What is new and conclusion
Herein, we report novel data regarding peak and trough apixaban concentrations after concomitant administration of P‐gp and CYP3A4 inhibitors (amiodarone or diltiazem) co‐administered with statins (atorvastatin, rosuvastatin or simvastatin). Providers should consider utilizing the apixaban anti‐Xa assay or comparative heparin anti‐Xa assay to determine if patients require dose reduction to decrease adverse events in high‐risk patients prescribed apixaban and concomitant p‐glycoprotein and CYP3A4 inhibitors amiodarone or diltiazem with and without a CYP3A4 or non‐3A4 statin.
Keywords: amiodarone, anti‐Xa, apixaban, atorvastatin, CYP3A4 inhibitor, diltiazem, p‐glycoprotein inhibitor, rosuvastatin, simvastatin
Drug‐drug interactions investigated in patients prescribed apixaban with amiodarone or diltiazem with statins (atorvastatin, rosuvastatin, and simvastatin).
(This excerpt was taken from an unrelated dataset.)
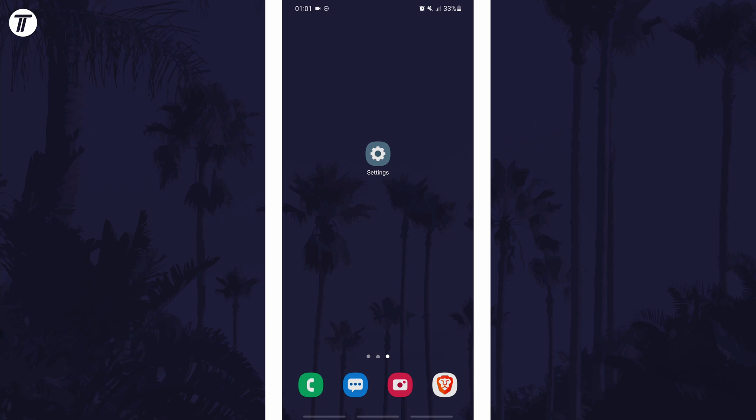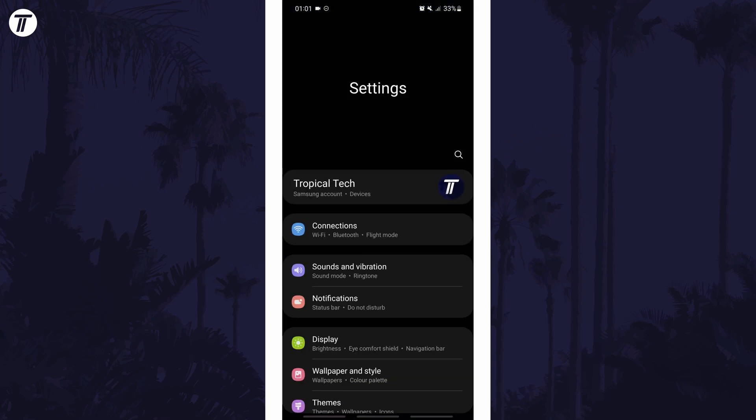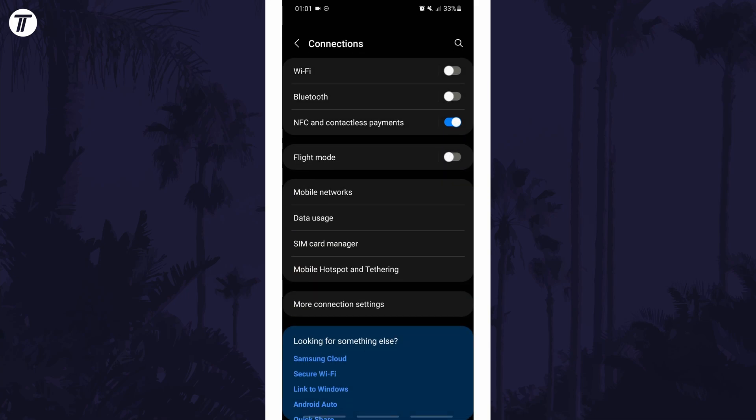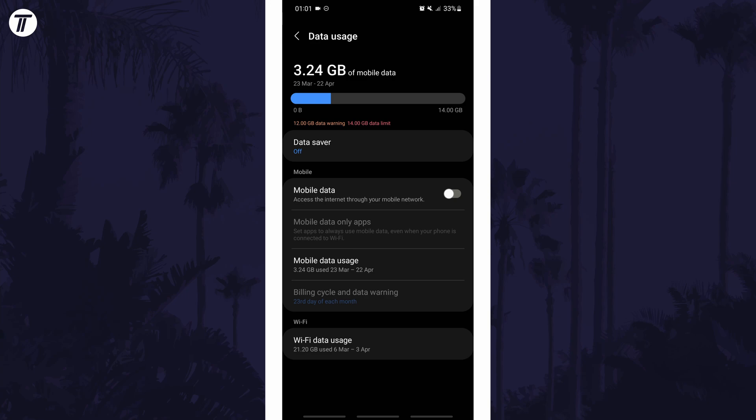To turn on data saver in Android, first open the main settings page and tap on an option called connections or similar. In the connection settings, look for where it says data usage and tap on that.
1. WHAT IS KNOWN AND OBJECTIVES
Since the introduction of direct oral anticoagulants (DOACs) such as apixaban, 1 there has been debate and confusion regarding the need for therapeutic monitoring and which anticoagulation laboratory assay is appropriate. 2 , 3 , 4 This debate is further confounded when potential drug‐drug interactions (DDIs) may occur due to polypharmacy, especially the concomitant use of drugs associated with significant patient safety warnings and precautions.
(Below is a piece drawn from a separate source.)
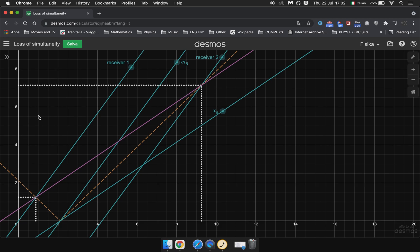And there you go. This is how we can visualize the loss of simultaneity in the train thought experiment.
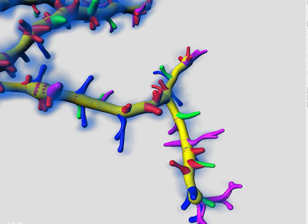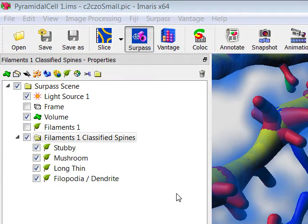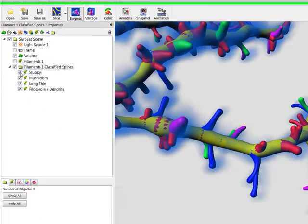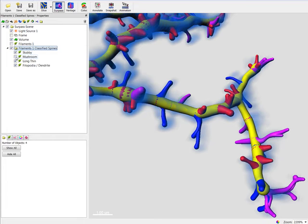In the viewing area, the four groups of spines are displayed in different colours. In the surpass tree, the new filaments object group is created. The filament object is named according to the spine class, and all spines in the same class are assigned to the same filaments object.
Apixaban is transported through P‐glycoprotein (P‐gp) and eliminated via renal and non‐renal pathways primarily utilizing CYP3A4 metabolism (Table S1). 5 Therefore, the concomitant administration of CYP3A4 and P‐gp inhibitors may lead to increased apixaban peak and trough plasma concentrations with subsequent risk of increased bleeding events 6 , 7 when prescribed for stroke prophylaxis with atrial fibrillation, 8 postoperative prophylaxis 9 and treatment of venous thrombosis and pulmonary embolism. 10 While the apixaban (Eliquis) Food and Drug Administration (FDA) package insert recommends dose reduction or avoidance of concomitant use with strong dual inhibitors or inducers of CYP3A4 and P‐gp, such as clarithromycin, ritonavir, itraconazole and ketoconazole, 5 we sought further DDI data relative to concomitant prescribing within our patient population.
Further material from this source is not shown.